2. Thesauri and Similar Resources

The term thesaurus may not always be a very clear one because it is commonly used in a variety of contexts to re-

fer to a spectrum of different types of resources. A brief non-exhaustive review could include the following types of thesaurus-like resources:

a) There are terminological resources that conform with official standards such as Z39.19 (ANSI/NISO, 2005) and describe in a well-defined manner the various relations that hold among terms in a specific domain.

b) Such thesauri bear certain similarities with WordNet, a general-purpose lexical resource that explicitly distinguishes different senses of a given term, and provides information about synonymy, hypernymy, and other relationships between such senses (Fellbaum, 1998). An excerpt from WordNet's web interface can be seen in Figure 1, though WordNet is also very commonly used as a machine-readable database for natural language processing.

c) Another more general sense of the term thesaurus is used to designate reference works that often provide alphabetical listings of terms with a list of loosely related terms for each headword. Such thesauri tend to be used by writers, although, as mentioned earlier, computational applications have also been explored.

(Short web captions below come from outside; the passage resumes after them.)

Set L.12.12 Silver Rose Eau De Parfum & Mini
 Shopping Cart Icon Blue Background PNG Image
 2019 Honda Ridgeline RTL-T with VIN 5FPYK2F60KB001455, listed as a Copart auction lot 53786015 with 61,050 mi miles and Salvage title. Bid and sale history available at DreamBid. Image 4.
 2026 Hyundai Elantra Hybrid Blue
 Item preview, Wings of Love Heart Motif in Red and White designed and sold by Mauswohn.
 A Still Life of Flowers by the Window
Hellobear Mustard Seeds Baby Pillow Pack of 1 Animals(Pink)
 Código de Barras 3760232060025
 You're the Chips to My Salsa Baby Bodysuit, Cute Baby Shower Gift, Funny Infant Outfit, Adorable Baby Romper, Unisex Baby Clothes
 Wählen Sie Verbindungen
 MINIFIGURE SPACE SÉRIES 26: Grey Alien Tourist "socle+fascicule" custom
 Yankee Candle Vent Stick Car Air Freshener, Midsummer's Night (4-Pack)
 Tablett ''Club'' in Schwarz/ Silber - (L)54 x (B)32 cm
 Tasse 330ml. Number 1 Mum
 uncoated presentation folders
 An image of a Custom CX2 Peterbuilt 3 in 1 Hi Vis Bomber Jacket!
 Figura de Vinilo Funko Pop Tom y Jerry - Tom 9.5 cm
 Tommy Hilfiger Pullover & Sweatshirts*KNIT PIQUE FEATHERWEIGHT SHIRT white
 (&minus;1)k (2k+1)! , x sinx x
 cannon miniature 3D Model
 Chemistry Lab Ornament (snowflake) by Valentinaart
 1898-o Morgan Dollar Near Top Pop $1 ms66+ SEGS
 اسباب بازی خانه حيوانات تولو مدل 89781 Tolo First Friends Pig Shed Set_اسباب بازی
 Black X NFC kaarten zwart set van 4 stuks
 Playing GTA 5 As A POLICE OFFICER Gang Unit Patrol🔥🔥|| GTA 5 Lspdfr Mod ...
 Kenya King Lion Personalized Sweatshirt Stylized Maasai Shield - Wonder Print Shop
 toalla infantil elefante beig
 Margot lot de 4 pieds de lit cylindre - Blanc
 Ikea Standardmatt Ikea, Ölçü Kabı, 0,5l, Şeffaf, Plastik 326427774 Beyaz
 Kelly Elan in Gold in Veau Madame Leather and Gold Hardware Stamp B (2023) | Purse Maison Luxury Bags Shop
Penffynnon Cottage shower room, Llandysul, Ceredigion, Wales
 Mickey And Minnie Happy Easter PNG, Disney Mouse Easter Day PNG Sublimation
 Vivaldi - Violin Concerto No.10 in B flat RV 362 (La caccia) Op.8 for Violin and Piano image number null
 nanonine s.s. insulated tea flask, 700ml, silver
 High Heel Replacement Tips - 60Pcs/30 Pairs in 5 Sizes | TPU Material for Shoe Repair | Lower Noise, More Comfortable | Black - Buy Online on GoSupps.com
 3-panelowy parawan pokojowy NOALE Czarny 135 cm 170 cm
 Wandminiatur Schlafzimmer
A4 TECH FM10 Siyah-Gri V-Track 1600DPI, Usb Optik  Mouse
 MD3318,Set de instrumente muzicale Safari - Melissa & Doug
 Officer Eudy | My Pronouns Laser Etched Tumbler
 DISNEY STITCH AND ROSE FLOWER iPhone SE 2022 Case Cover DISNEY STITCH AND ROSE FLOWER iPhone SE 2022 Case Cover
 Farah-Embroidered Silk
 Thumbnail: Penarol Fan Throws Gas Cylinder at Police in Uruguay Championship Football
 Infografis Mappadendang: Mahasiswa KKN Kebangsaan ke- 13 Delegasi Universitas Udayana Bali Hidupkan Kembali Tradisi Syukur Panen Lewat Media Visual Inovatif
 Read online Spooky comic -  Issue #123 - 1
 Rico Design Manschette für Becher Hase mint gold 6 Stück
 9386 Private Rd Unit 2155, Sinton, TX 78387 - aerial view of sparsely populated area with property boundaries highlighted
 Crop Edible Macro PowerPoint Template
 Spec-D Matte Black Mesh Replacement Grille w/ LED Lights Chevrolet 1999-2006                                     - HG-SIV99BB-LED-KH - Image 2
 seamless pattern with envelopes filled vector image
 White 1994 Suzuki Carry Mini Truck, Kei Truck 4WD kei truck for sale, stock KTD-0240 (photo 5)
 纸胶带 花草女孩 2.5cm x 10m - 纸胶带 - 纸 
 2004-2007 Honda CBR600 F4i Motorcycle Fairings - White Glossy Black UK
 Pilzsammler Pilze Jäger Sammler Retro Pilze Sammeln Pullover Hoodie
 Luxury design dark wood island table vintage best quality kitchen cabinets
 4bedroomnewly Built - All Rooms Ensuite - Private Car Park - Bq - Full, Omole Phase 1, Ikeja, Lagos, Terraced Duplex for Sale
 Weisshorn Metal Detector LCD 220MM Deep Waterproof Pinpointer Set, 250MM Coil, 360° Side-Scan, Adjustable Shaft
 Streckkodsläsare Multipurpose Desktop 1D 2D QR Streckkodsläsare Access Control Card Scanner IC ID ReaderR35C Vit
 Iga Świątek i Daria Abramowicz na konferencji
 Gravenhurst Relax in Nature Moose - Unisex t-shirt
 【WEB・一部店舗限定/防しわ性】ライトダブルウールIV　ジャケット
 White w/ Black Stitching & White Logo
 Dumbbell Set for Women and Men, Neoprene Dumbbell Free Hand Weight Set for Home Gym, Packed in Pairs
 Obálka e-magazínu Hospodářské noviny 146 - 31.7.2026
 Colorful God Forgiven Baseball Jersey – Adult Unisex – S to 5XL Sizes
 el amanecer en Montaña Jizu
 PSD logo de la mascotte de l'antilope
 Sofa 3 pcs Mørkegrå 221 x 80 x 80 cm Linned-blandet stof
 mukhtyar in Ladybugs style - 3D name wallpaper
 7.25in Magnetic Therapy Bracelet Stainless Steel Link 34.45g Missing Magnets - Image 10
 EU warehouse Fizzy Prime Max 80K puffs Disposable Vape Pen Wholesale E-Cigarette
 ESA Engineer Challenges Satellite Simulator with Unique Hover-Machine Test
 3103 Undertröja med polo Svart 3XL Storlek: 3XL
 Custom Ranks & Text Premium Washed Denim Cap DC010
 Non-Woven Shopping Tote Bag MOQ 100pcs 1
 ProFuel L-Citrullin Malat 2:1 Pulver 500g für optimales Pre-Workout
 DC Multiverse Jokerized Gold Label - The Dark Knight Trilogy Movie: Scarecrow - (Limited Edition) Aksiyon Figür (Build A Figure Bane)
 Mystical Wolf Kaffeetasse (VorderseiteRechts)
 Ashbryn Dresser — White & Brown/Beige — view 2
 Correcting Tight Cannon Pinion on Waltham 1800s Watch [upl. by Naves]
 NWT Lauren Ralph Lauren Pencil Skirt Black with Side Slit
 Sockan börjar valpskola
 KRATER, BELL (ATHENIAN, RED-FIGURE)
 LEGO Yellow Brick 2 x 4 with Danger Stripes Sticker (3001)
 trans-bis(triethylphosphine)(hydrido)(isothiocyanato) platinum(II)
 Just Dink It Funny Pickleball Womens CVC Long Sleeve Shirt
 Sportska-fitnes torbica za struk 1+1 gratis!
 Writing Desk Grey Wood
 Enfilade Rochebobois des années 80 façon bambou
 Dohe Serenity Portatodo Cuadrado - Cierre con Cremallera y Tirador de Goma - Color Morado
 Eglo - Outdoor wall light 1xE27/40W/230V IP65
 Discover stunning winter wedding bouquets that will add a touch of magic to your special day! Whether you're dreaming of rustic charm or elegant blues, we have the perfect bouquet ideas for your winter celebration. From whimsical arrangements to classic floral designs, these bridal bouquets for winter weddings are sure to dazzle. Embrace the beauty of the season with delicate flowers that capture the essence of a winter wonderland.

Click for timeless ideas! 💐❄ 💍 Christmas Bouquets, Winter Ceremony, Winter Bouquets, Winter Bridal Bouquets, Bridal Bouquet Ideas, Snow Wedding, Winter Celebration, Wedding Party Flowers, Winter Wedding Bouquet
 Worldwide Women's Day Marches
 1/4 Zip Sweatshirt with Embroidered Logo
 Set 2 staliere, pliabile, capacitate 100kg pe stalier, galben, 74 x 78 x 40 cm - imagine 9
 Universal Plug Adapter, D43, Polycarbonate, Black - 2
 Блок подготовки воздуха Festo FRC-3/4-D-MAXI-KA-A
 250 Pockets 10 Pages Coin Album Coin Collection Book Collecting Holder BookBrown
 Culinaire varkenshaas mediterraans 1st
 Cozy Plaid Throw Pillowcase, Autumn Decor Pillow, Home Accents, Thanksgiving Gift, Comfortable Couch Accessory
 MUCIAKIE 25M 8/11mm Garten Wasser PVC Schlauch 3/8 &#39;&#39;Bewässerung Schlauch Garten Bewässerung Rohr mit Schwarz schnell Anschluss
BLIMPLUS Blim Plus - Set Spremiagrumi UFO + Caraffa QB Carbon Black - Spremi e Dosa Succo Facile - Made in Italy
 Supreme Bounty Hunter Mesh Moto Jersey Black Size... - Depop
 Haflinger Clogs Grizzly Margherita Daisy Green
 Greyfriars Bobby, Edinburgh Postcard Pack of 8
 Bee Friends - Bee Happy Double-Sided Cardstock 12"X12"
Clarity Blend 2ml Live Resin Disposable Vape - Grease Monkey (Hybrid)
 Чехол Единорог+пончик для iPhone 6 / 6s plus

While WordNet is not a thesaurus in this last-mentioned sense, it is used to generate the English thesaurus integrated with the office application suite. Roget's Thesaurus, in contrast, indeed can be considered an example of this latter type of thesauri, however with slightly more structural information than many similar thesauri, because the headwords are organized in a complex hierarchy.

3. Parsing Roget's Thesaurus

Since WordNet is a lexical database, accessing the contents is possible in an unambiguous, straight-forward manner. Roget's Thesaurus, despite its astounding level of similarity to more recent resources developed over a hundred and fifty years later, demands additional effort in order to be accessible by current natural language processing tools. The American 1911 edition of Roget's Thesaurus (Mawson, 1911) has been made available in digital form by Cassidy (2000) with minor extensions, including more than 1,000 new terms and annotations that mark obsolete and archaic forms.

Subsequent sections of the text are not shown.